YOUR ASSIGNMENT. Please copy the lines below, exactly as they are, from the one with "תמונת פנים של תיק רחצה" through the one with "inmigración en EE.UU.", and leave out the pictures.

SUPPLIED RECORDS.
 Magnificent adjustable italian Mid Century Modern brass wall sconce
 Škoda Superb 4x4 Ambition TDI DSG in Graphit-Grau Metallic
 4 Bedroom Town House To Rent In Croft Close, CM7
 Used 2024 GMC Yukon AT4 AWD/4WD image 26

...

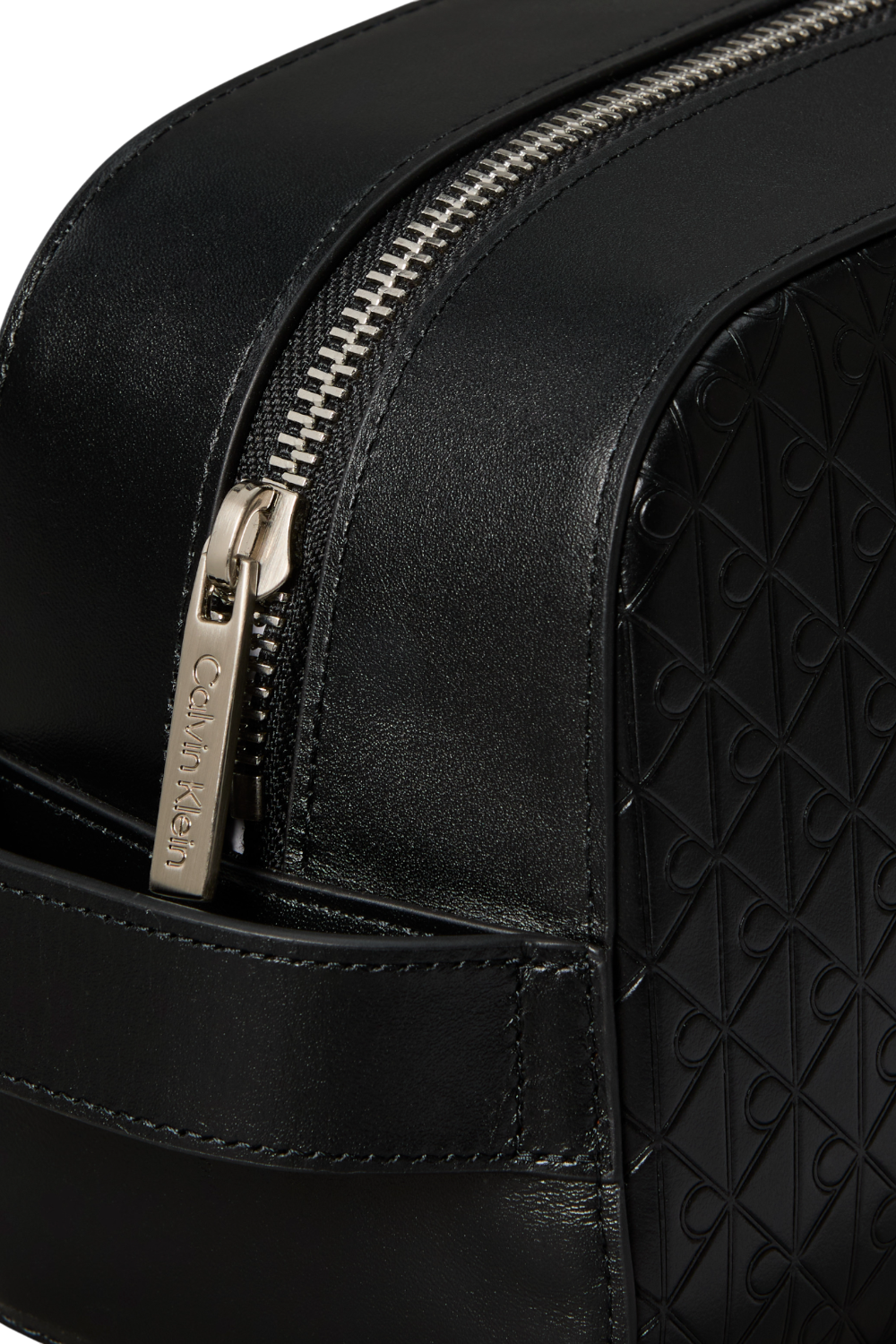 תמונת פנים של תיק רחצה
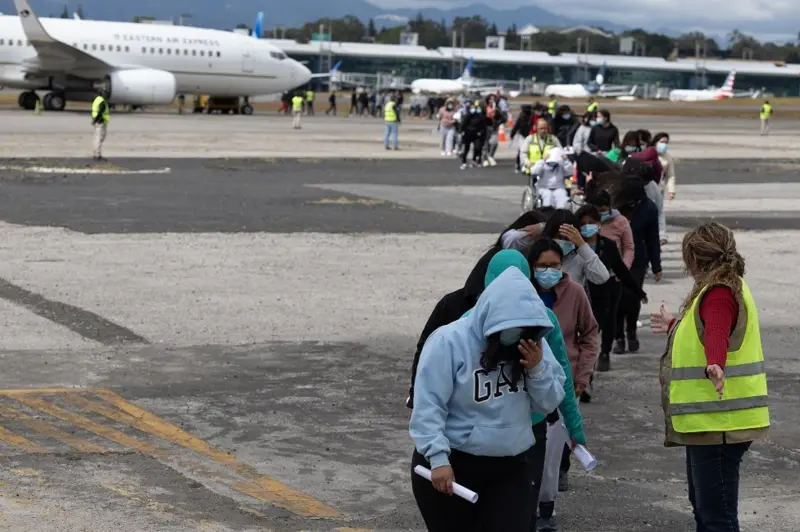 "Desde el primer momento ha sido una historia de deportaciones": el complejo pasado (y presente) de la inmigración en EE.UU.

--

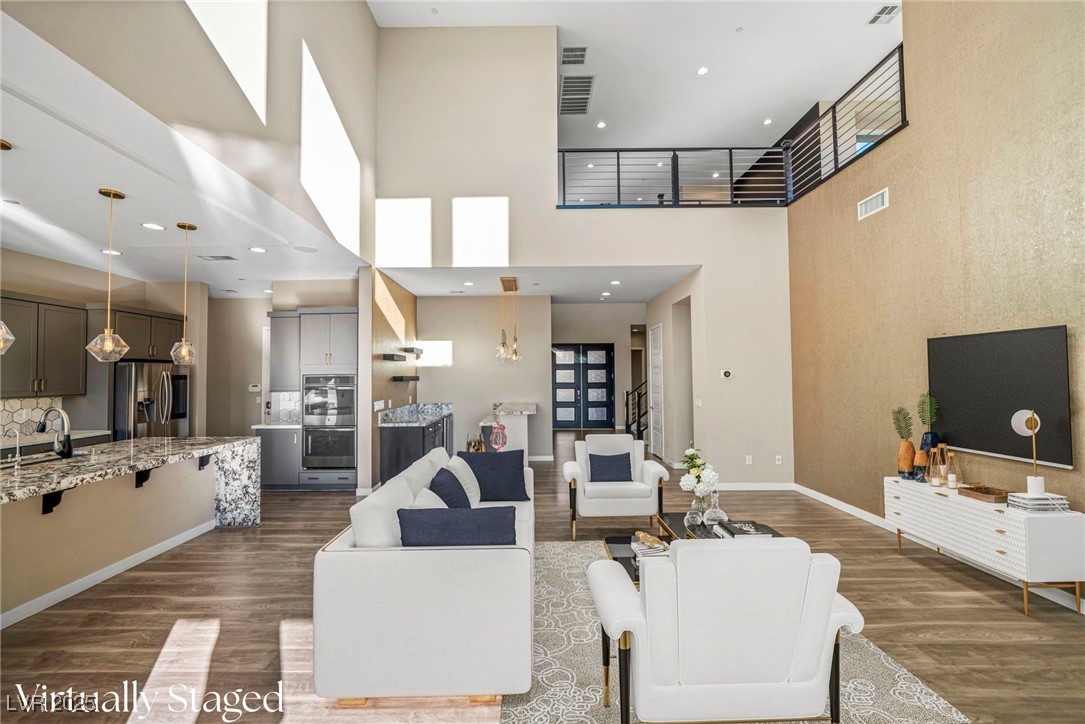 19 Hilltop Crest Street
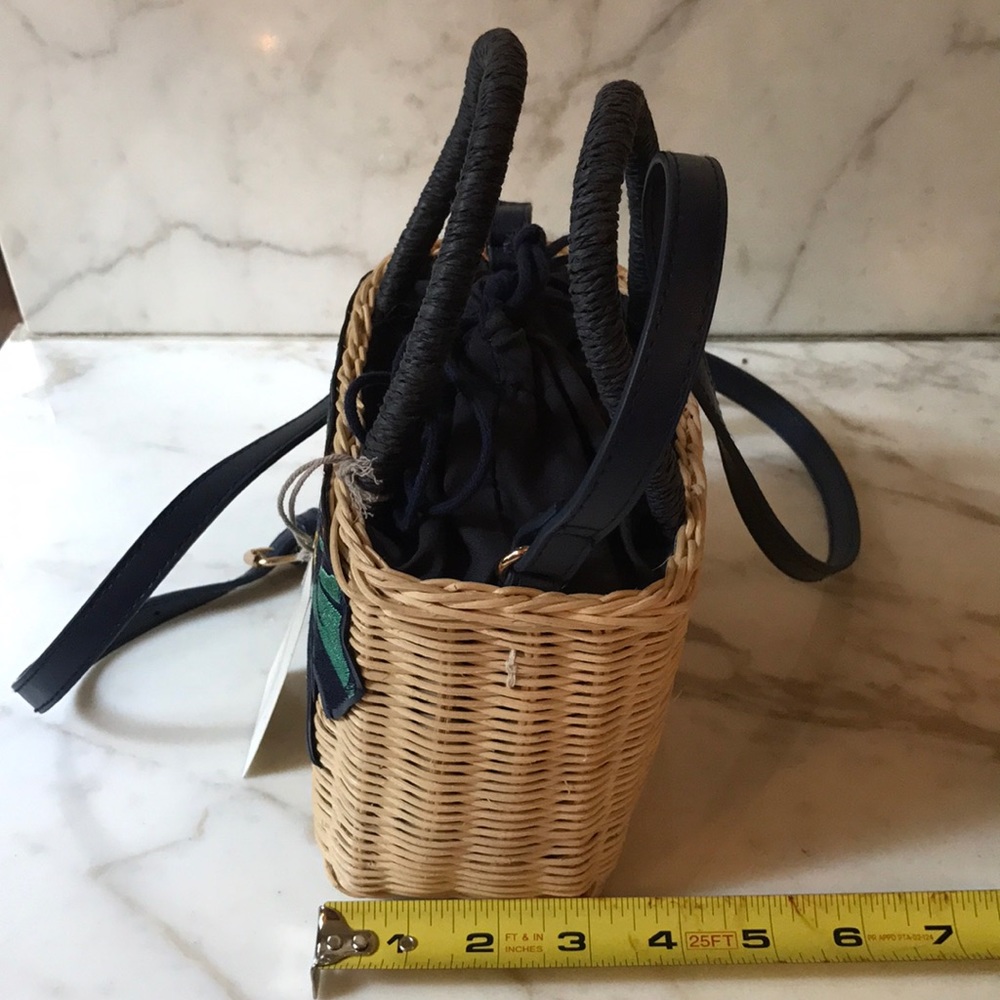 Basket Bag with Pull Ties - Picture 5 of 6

FINISHED TASK.
 תמונת פנים של תיק רחצה
 "Desde el primer momento ha sido una historia de deportaciones": el complejo pasado (y presente) de la inmigración en EE.UU.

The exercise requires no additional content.